Doctor Profit, for one, believes that the asset is entering an extended sideways phase that is not a bullish consolidation but is a preparation for a deeper decline in the months ahead.
Sideways, Then Down
According to the analyst’s findings, Bitcoin is forming a new trading “box” between roughly $57,000 and $87,000, which represents a wide 33% range. He expects the price action to remain largely range-bound within these levels for weeks or even months.
Doctor Profit stated that this sideways behavior should not be interpreted as strength, but instead as a structural phase that typically precedes a breakdown in a broader bear market. Drawing a parallel to 2024, the analyst said BTC spent an entire year consolidating between $58,000 and $74,000 before breaking out above $100,000, and he repeatedly warned at the time that this range would later serve as a reference level during the next bear market.
That scenario is now playing out: Bitcoin is once again trading in the same price zone, but this time in a bearish context, where former consolidation areas act as structure rather than durable support. He expects that once the current sideways phase is complete, the crypto asset will break down below the box and end up targeting the $44,000-$50,000 region in the coming weeks or months.
Doctor Profit said that he is buying spot Bitcoin between $57,000 and $60,000, which he considers the local bottom of the current range, but not the final macro bottom of the bear market.

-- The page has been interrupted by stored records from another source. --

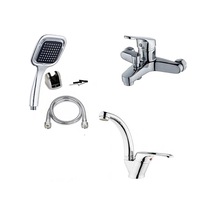 Moonshop 3'lü Set Banyo Bataryası Lavabo Bataryası Kare Duş Seti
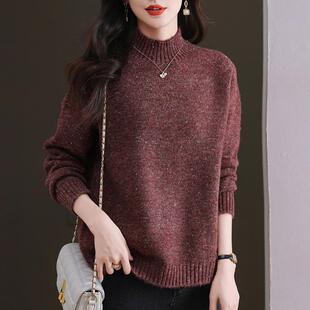 半高领羊毛衫女秋冬特大码内搭毛衣宽松加大码胖mm百搭针织打底衫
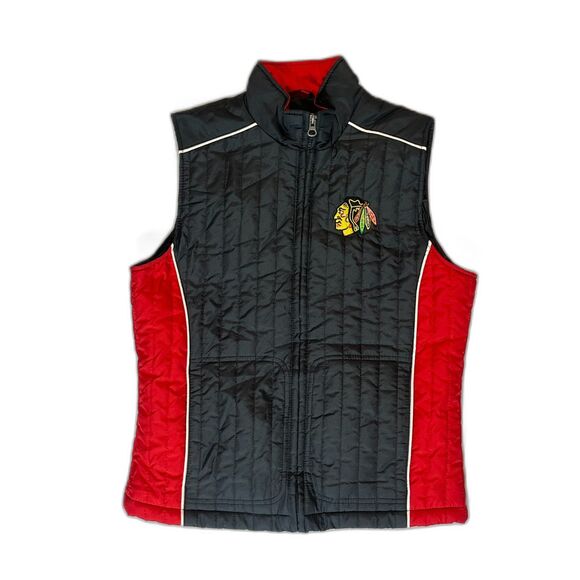 NHL GIII Sports Carl Banks Chicago Blackhawks Women's Vest Red Black EUC Small - Picture 1 of 8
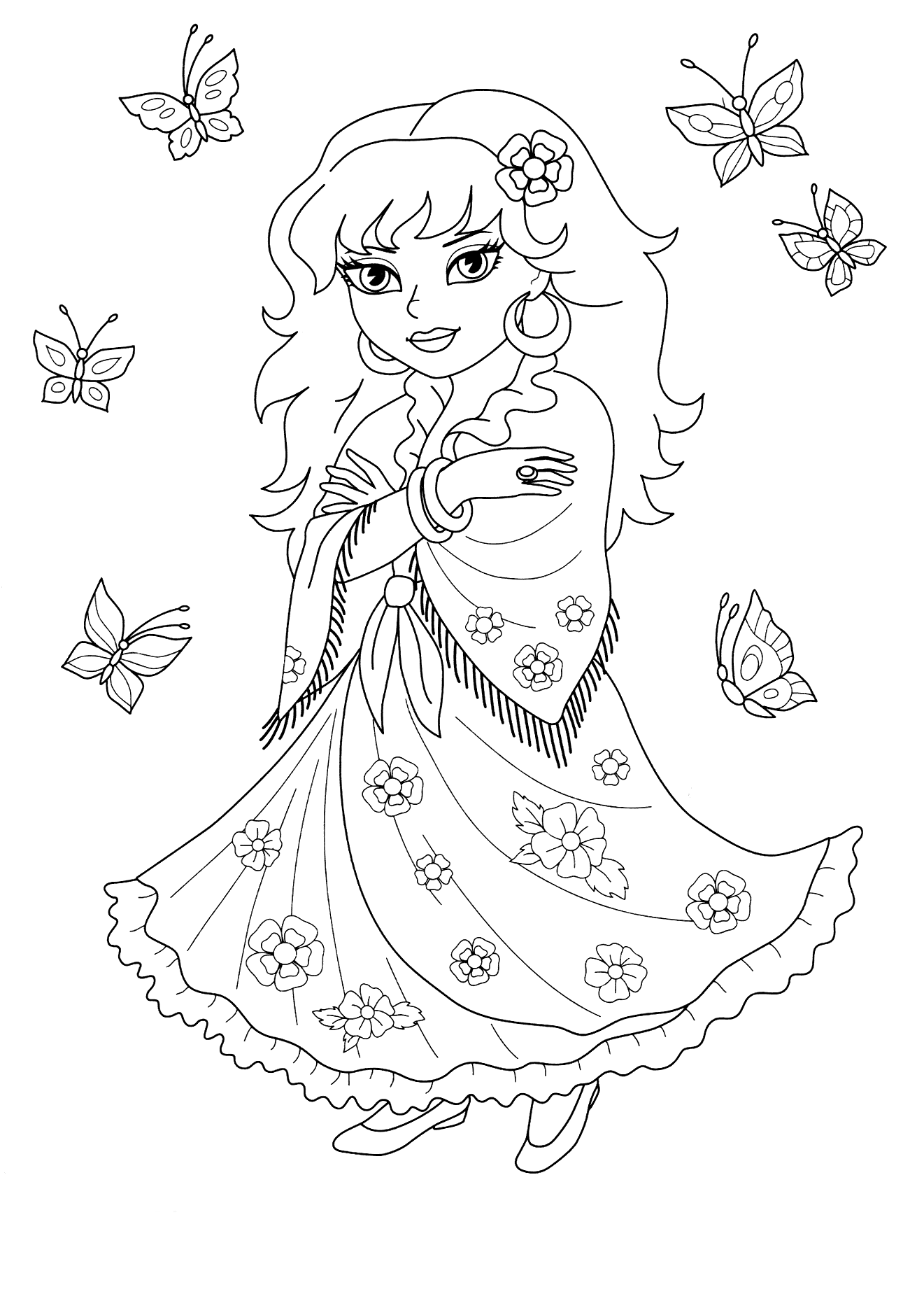 Coloring page - Gypsy Cassandra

He added that this area is likely to be tested multiple times during the sideways phase, which makes it suitable for range trades, while upside during this period could extend as high as $87,000, depending on market strength.
However, the analyst made it clear that $87,000 is not a guaranteed target and merely represents the upper boundary of what he expects during the consolidation. If price does approach that level, he said he would consider adding to existing short positions opened between $115,000 and $125,000, which he continues to hold in full.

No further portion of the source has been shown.